Describing the aircraft as the “Angel of Death,” one recent profile of the gunship noted that on contact the 105mm shells “destroy buildings and spread shrapnel over a ‘kill’ area of up to 1,500 yards,” or more than three-quarters of a mile.

Used from the Vietnam War to the current intervention in Libya, this weapon’s impact is horrific. Human beings caught in its path are vaporized or torn in half.

The idea that the AC-130 is equipped for “sorting out targets in populated areas” is absurd. Its computerized systems lock onto targets and assure their decimation. They do not distinguish between combatant and civilian.

The Times’ attempt to present the gunship as the ideal tool for “humanitarian” warfare notwithstanding, the AC-130 has been at the center of some of the worst war crimes carried out by US imperialism in both Afghanistan and Iraq.

In August 2008, an AC-130 was used in an attack on the village of Azizabad in Afghanistan’s Herat province. The ostensible target of the attack was a leader of the Afghan armed resistance, but its victims were 90 civilians—60 children, 15 women and 15 men, according to a United Nations investigation.

Similarly, US AC-130 gunships carried out air strikes in October 2001 against the farming village of Chowkar-Karez, 25 miles north of Kandahar, killing at least 93 civilians.

In Iraq, the AC-130s were employed to devastating effect in the US military’s sieges of the city of Fallujah in April and November of 2004, which left thousands of Iraqi civilians dead and 60 percent of the city’s buildings in ruins.

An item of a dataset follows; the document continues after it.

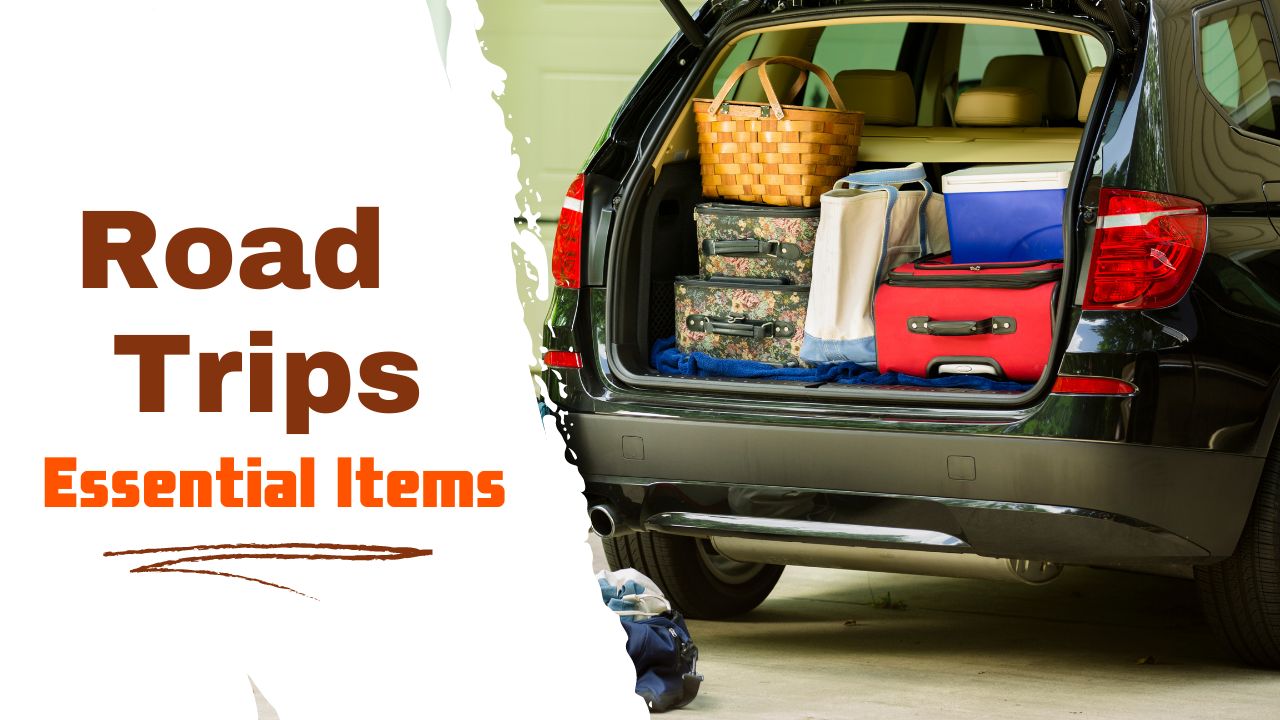 what to bring on a road trip with family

This history raises a troubling question about the Times editorial. What do the newspaper’s editors mean when they say that the AC-130 can be used in Libya “without unduly endangering nearby populations?”

Presumably, they found that the US military was not “unduly” slaughtering civilians in Afghanistan and Iraq, given the justification and support offered by the “newspaper of record” for both of these wars of aggression. Like the rest of the corporate media, the Times has done its best to minimize reporting on the civilian death toll and bolster the stream of lies from the Pentagon.

The Times casually comments that “wars are messy business”—and does its best to conceal the mess from the American people. But the use of the murderous war planes in populated areas as advocated by the newspaper would be a war crime in which its editors would figure as accomplices.

The demand from the Times for the use of AC-130s and A-10 gunships in Libya—the Washington Post published a similar editorial, entitled “Does Withdrawing US planes from Libya Serve Our Interests?” just two days earlier—expresses growing concerns within American ruling circles that the war for control of Libya and its oil wealth is going badly.

They are concluding that the rebels are useless for achieving Washington’s war aims and that more direct military force is needed. It will become increasingly difficult for the Times and the other media propagandists for US imperialism to maintain the humanitarian mask for the aggression against Libya as the Pentagon and its European counterparts ratchet up the slaughter.